Masjid dengan Tiga Bahasa

Menurut Bu Widia, isteri Drs Gatot Subroto ini, selaku muslimin dan muslimah, para mahasiswa dalam menjalankan ibadah di kampus tidak ada masalah, sebab ada masjid yang cukup besar untuk sholat berjamaah, yang juga digunakan untuk sholat Jumat. “Bahkan di kawasan Grondland masih di kota Oslo, ada sebuah masjid besar berlantai 3 yang kotbahnya menggunakan tiga bahasa,” tutur ibu dari tiga orang anak ini. Di lantai 1 menggunakan bahasa Norg atau Norwegia, di lantai 2 menggunakan bahasa Inggeris dan di lantai 3 menggunakan bahasa Arab. Jadi bila Jumat banyak penduduk Oslo dan para mahasiswa pergi ke masjid Grondland tersebut yang dari tempat tinggal mereka Kringso harus naik kereta selama 30 menit. Jaraknya sekitar 30 km. “Untungnya waktu itu banyak mahasiswa dari negara yang berpenduduk muslim seperti dari Maroko, Pakistan, Uzbekistan dan sebagian dari Tibet,” tambahnya.

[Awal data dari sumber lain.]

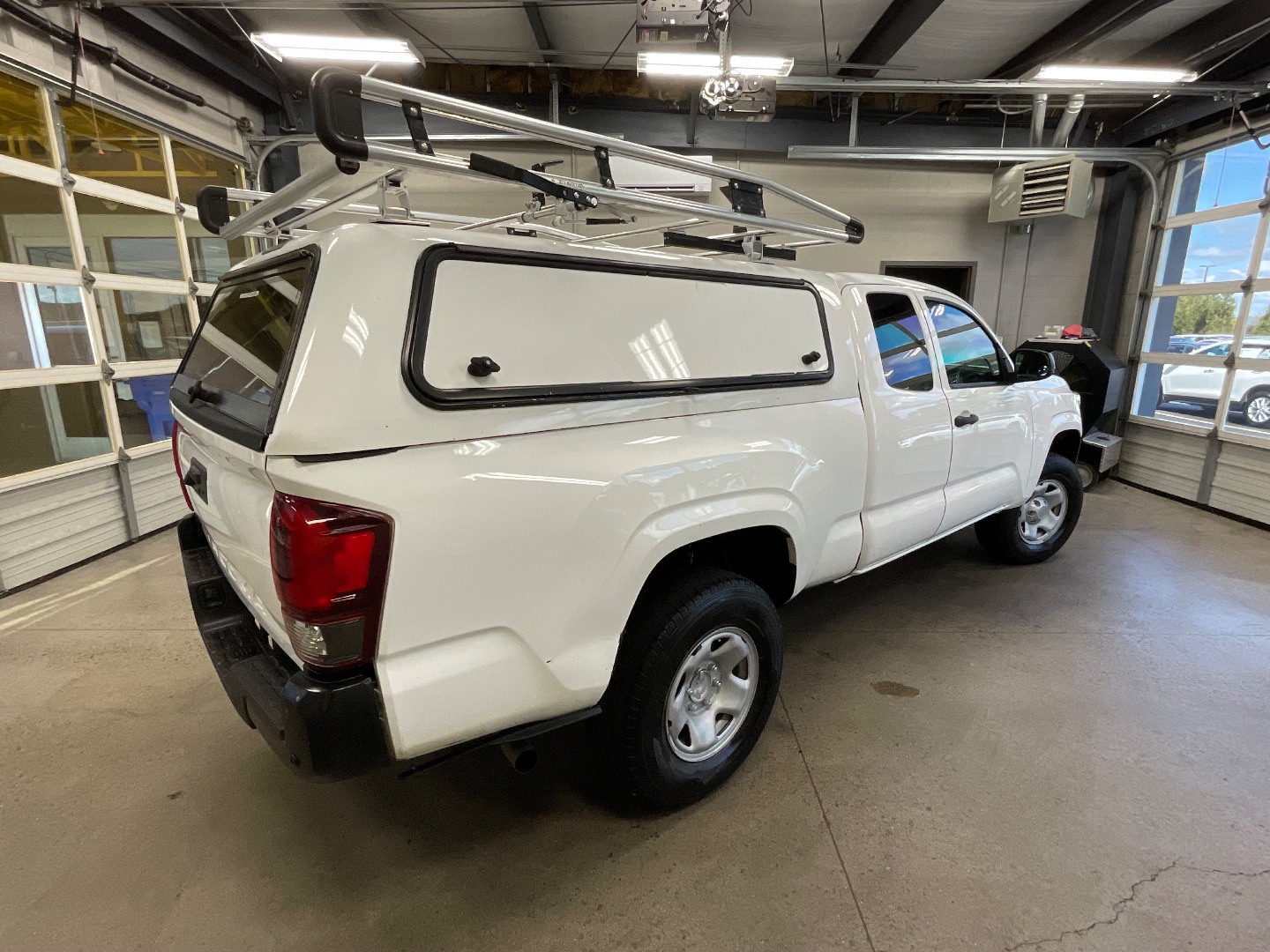 2019 Toyota Tacoma SR5 photo 4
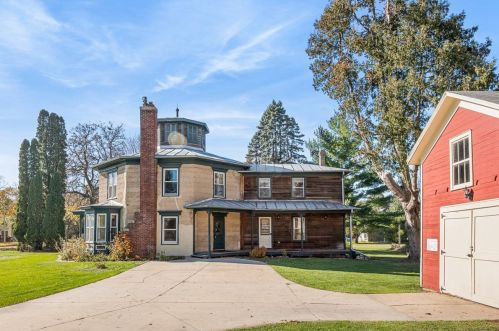 610 Liberty St, Ripon WI  54971-1220 exterior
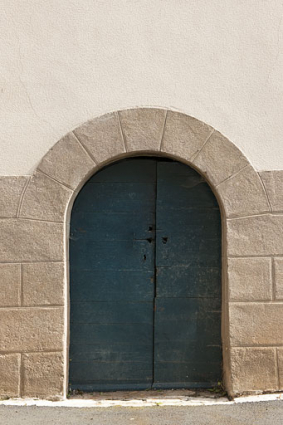 Porte en plein-cintre sur la rue de la Glacière. © Région Bourgogne-Franche-Comté, Inventaire du patrimoine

Tibalah bulan Ramadhan yang bertepatan dengan bulan Oktober 1999, musim panas mendekati musim gugur. Para mahasiswa yang muslim hampir semua berpuasa. Jadwal imsakiyahnya agak unik. Pukul 5 pagi mulai puasa Ramadhan, dan buka pada pukul 3 sore waktu setempat.
Memang tidak setiap malam para mahasiswa muslim menunaikan sholat tarawih berjamaah. “Sekaligus untuk melepas rindu sesama warga Indonesia, kami setiap week end yaitu Sabtu dan Minggu sholat tarawih berjamaah di Kedutaan Besar RI yang jaraknya cukup jauh dari Kringso,” tutur Kus Widianingsih, alumni IKIP Negeri Bandung ini. Kebanyakan perjalanan sehari-hari ditempuh dengan angkutan umum terutama dengan kereta. “Kami abonemen kereta sebulan 500 kroner. Di Norwegia satu kali beli tiket bisa untuk angkutan umum apa saja, baik bus, kereta maupun kapal laut,” katanya.
Tiba saat Idul Fitri, para mahasiswa dan masyarakat Indonesia muslim yang telah menjadi WNA di Oslo sholat Ied di Kedutaan Besar RI. Usai mendengarkan khotbah, seperti biasa bersalam-salaman saling memaafkan, yang menimbulkan rasa haru dan rindu keluarga serta kampung halaman. Tidak ada tradisi mudik lebaran. Selain biaya mahal juga masih terikat tugas belajar.
Ketika sholat Idul Adha para mahasiswa dan masyarakat Indonesia juga melakukannya di masjid Kedubes RI di Oslo. Tetapi di sini tidak ada daging kurban. “Ya bagaimana ? Orang nggak ada warga Indonesia yang melakukan kurban. Sebab kurbannya sudah dikirim ke Indonesia untuk saudara saudaranya kaum muslimin,” tutur Bu Widia lagi. Sebagai gantinya pihak Kedutaan Besar RI memasak gulai kambing dan sapi untuk makan bareng-bareng warga Indonesia. Sedangkan untuk makan sehari-hari di Oslo dan Norwegia umumnya tidak ada masalah karena banyak warga Indonesia yang mukim di sana dan menjual makanan/minuman berlabel halal dan sayur mayur yang tidak diharamkan.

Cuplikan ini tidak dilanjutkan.